The Air Force has ordered a review of all international layover stops after crew members stayed in President Donald Trump‘s Turnberry resort in Scotland.

Officials said the stopover of a US Air Force C-17 in Glasgow is “not unusual,” but the intersection of Trump’s hotel chain and government spending prompted a congressional probe.

Air Force Brig. Gen. Ed Thomas released a statement saying, “As our aircrews serve on these international airlift missions, they follow strict guidelines on contracting for hotel accommodations and all expenditures of taxpayer dollars. In this case, they made reservations through the Defense Travel System and used the closest available and least expensive accommodations to the airfield within the crews’ allowable hotel rates.”

In April, the House Oversight and Reform Committee launched a probe of the stays after military aircrafts were instructed to land at Prestwick Airport, in Glasgow, Scotland and crew members would then spend the night at Turnberry.

The Air Force defended its Prestwick stops, stating it schedules stops based on leg distance and contract fuel availability.
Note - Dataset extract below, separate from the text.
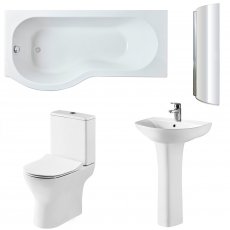 Nuie Freya Complete Bathroom Suite with P-Shaped Shower Bath 1700mm - Left Handed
CNN reported that in 2017 the Air Force also said Prestwick had “more favorable weather than nearby Shannon Airport, and less aircraft parking congestion than locations on the European continent.”

The committee has been investigating whether increased military expenditures benefiting the Turnberry represent a conflict of interest for the president, as the Turnberry had previously been operating at a significant deficit.

According to Air Force statistics the number of overnight stays has increased from 40 in 2015 to 220 by Aug. 2019. The Turnberry resort reportedly lost $4.5 million in 2017 but saw revenue climb $3 million in 2018.

The committee said in a letter to the Pentagon in June that was published by Politico that since October 2017 the military has purchased fuel 629 times at the Prestwick airport, totaling $11 million.

The committee requested documents related to the Department of Defense’s expenditures at Turnberry, any communications between military personnel and Turnberry employees, Defense Department communications with the State Department of Scotland, and documents relating to Prestwick expenses.

The Defense Department has not cooperated with the investigation.

The Air Force’s review has so far found no wrongdoing, noting that the Turnberry was cheaper than the nearby Marriott.

“While we are still reviewing the trip records, we have found nothing that falls outside the guidelines associated with selecting stopover airports on travel routes and hotel accommodations for crew rest,” said Thomas.